Could you copy exactly the lines below from the one with "Foto del edificio" to the one with "Inn 1br With Balcony With Gym & Pool", inclusive, leaving out any pictures?

Captioned web image data
------------

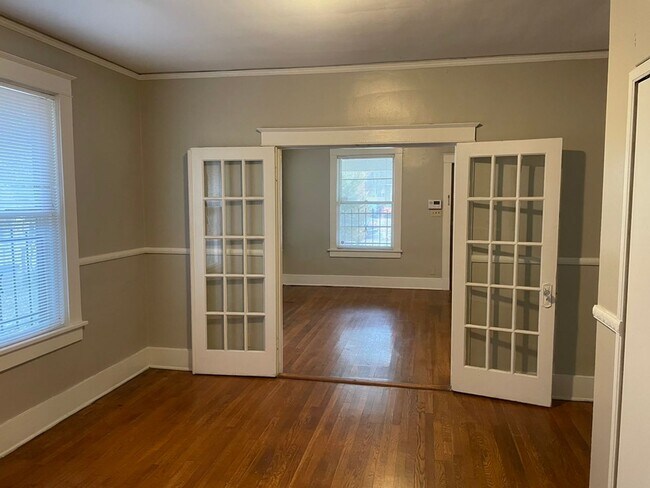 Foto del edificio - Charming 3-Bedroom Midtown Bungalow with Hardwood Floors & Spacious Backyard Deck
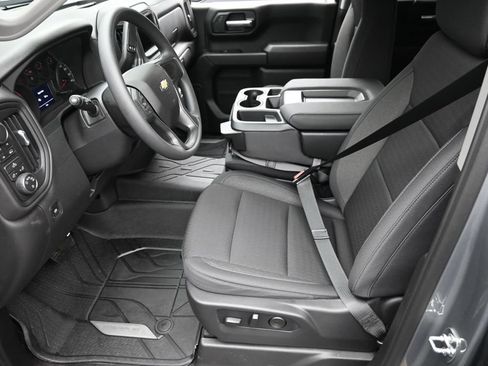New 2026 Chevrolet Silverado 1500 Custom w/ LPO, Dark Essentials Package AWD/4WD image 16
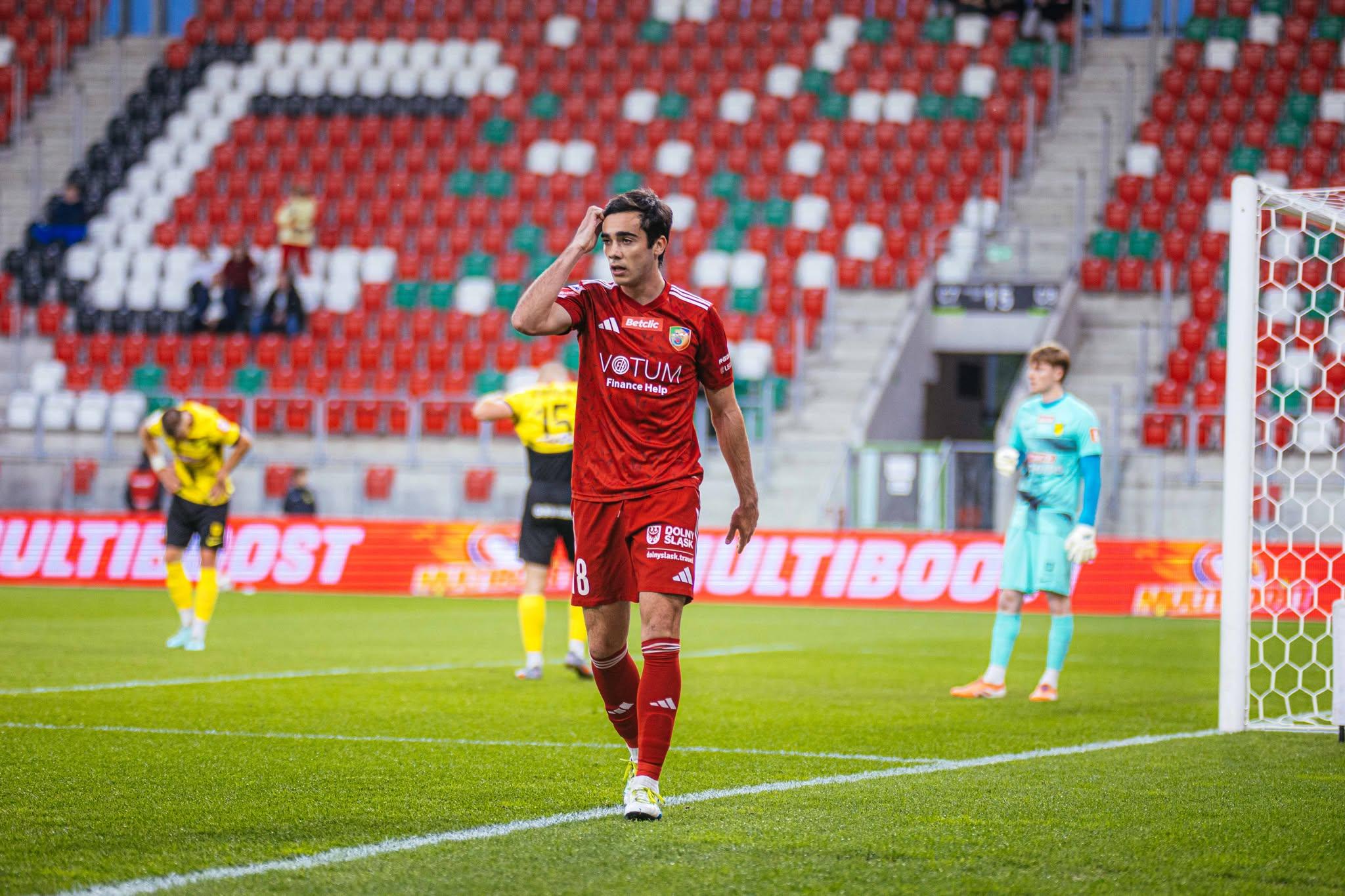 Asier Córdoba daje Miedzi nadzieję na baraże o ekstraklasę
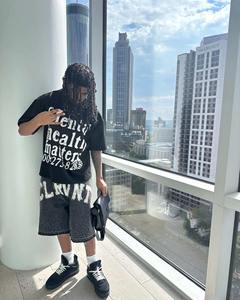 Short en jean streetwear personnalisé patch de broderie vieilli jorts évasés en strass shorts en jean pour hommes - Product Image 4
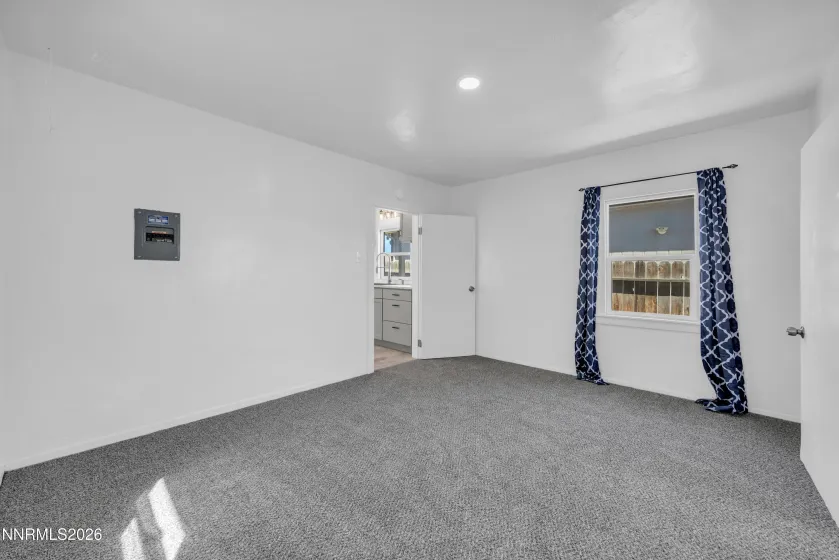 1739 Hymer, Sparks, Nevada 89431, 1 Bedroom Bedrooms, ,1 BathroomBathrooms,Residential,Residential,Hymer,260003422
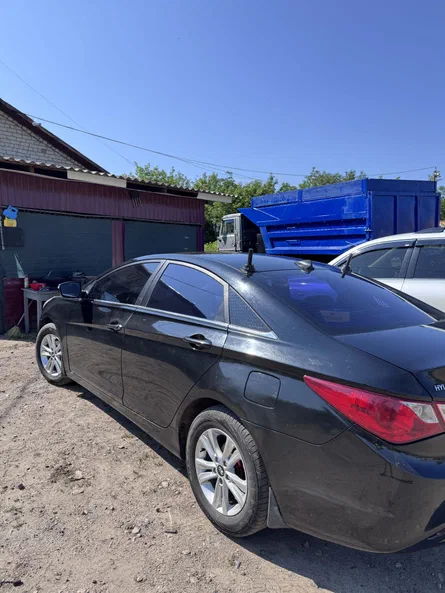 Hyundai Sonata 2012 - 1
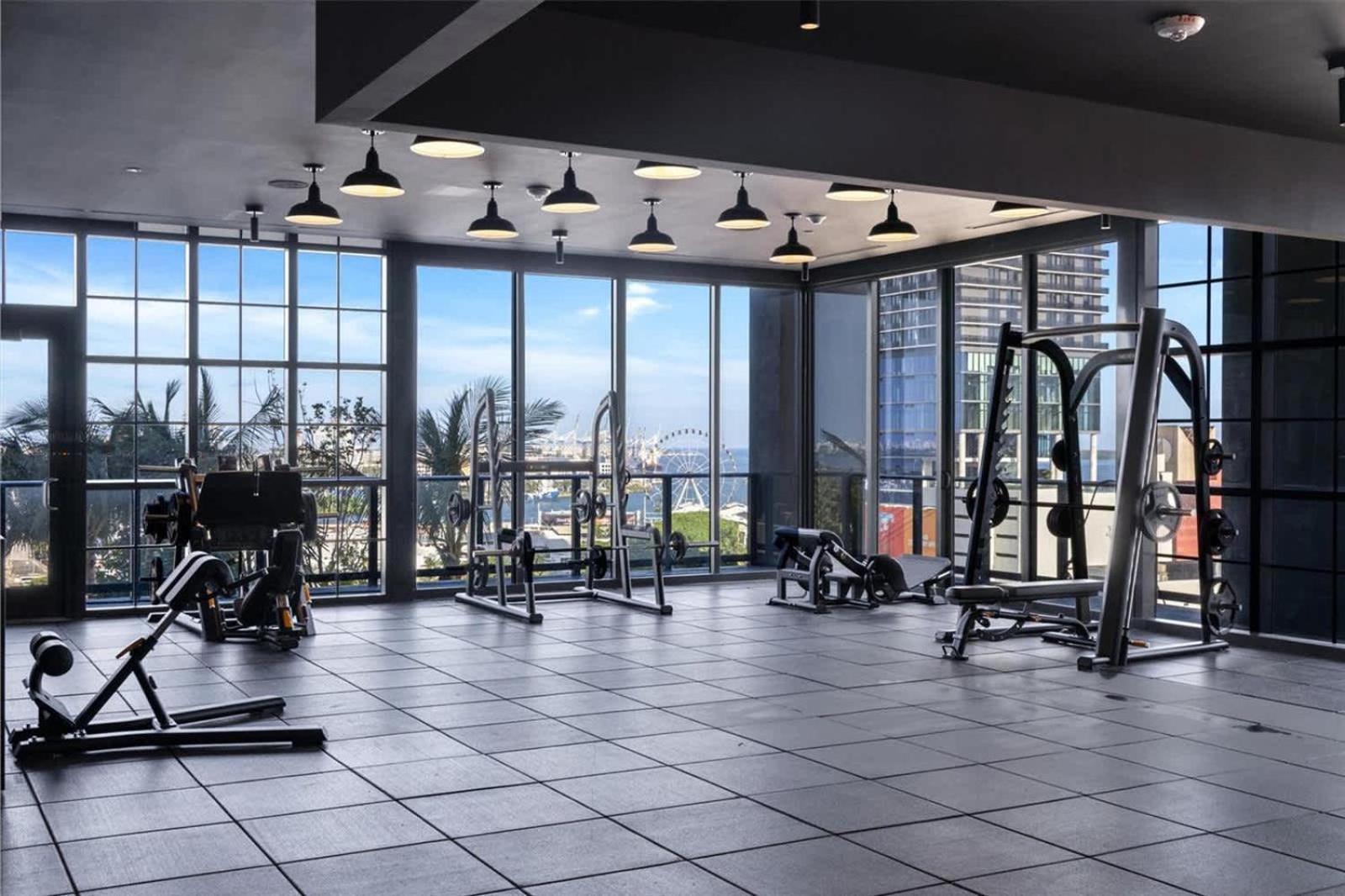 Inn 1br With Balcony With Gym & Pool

------------

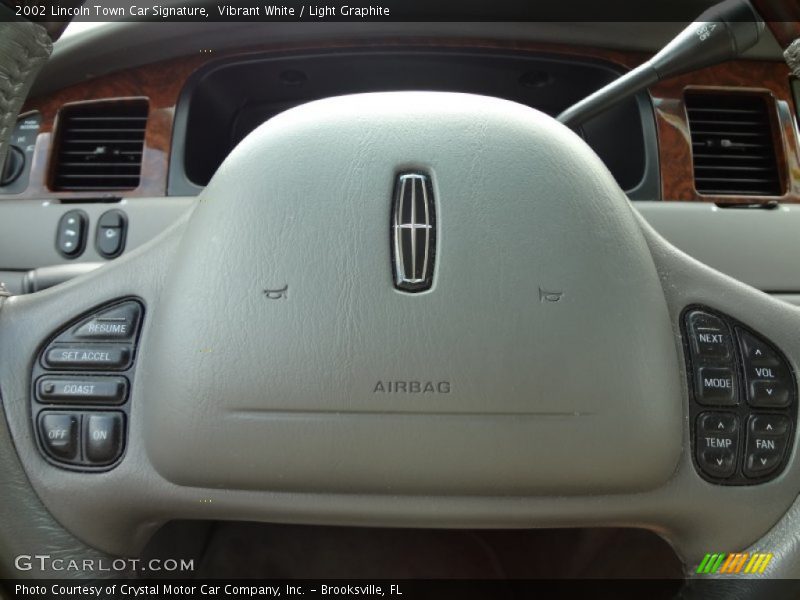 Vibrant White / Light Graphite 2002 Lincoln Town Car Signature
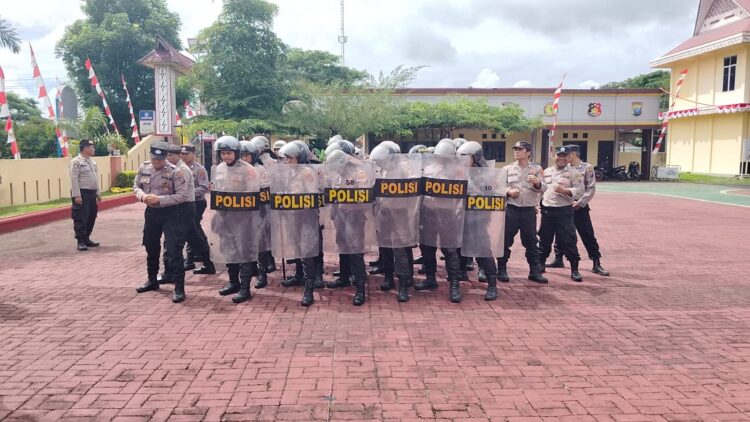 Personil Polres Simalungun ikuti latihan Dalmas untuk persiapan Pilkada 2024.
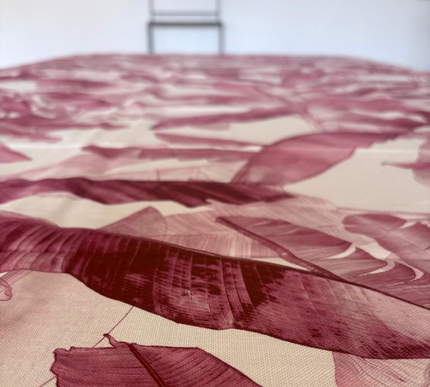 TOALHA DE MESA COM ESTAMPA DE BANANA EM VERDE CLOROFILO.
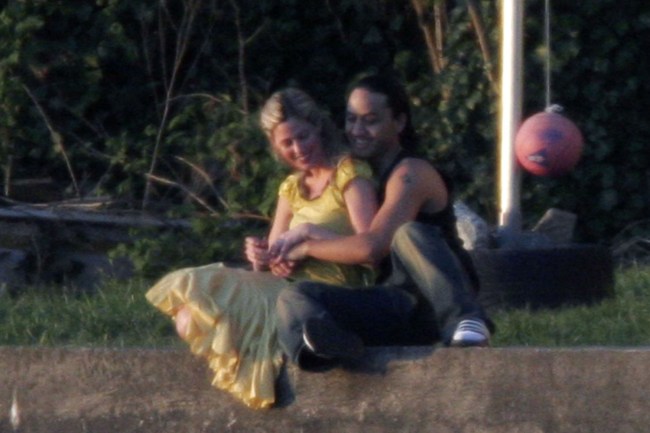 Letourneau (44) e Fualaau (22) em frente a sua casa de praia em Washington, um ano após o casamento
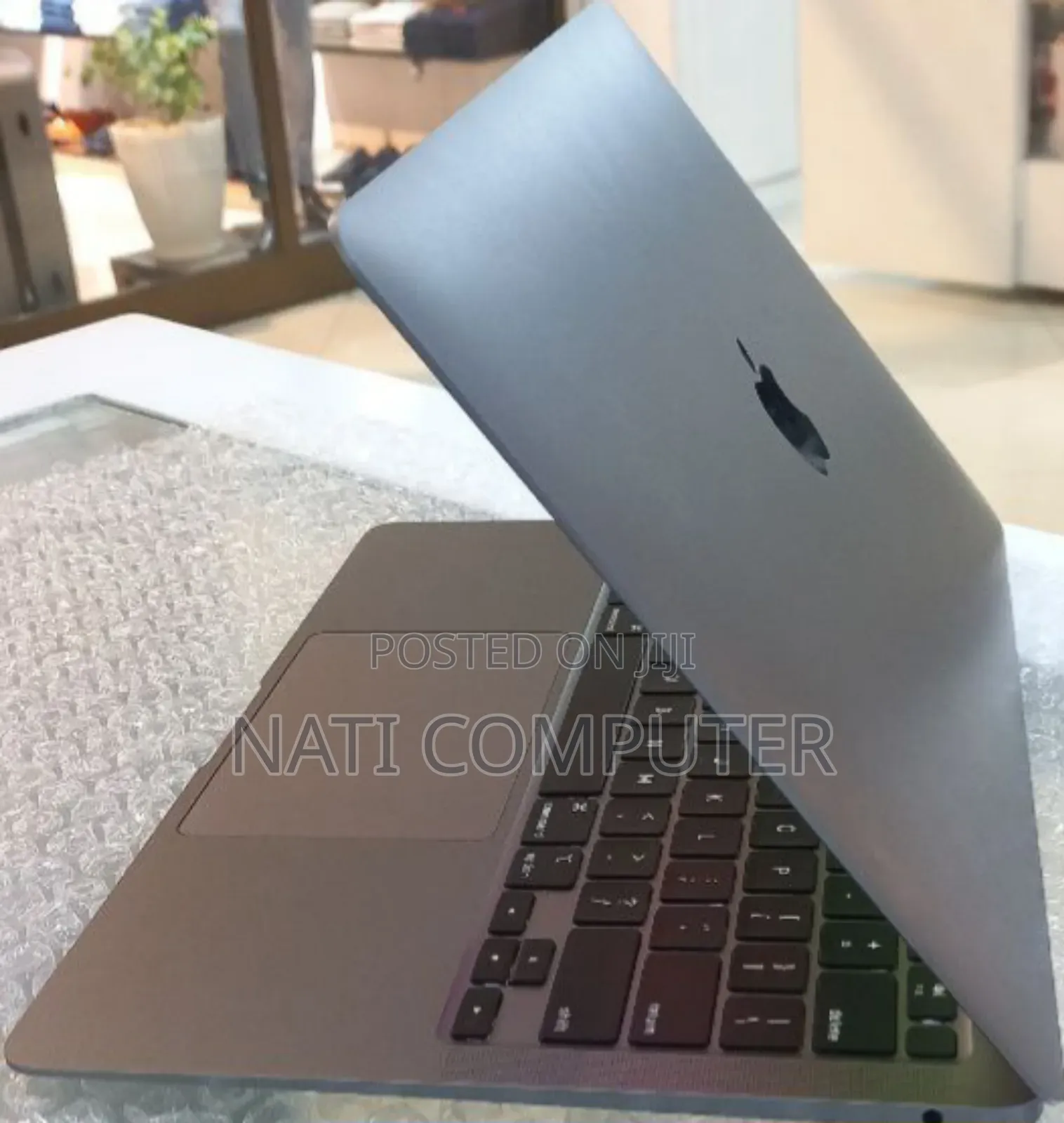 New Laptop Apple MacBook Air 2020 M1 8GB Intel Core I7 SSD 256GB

------------

▶ Solved exercise:
 Foto del edificio - Charming 3-Bedroom Midtown Bungalow with Hardwood Floors & Spacious Backyard Deck
New 2026 Chevrolet Silverado 1500 Custom w/ LPO, Dark Essentials Package AWD/4WD image 16
 Asier Córdoba daje Miedzi nadzieję na baraże o ekstraklasę
 Short en jean streetwear personnalisé patch de broderie vieilli jorts évasés en strass shorts en jean pour hommes - Product Image 4
 1739 Hymer, Sparks, Nevada 89431, 1 Bedroom Bedrooms, ,1 BathroomBathrooms,Residential,Residential,Hymer,260003422
 Hyundai Sonata 2012 - 1
 Inn 1br With Balcony With Gym & Pool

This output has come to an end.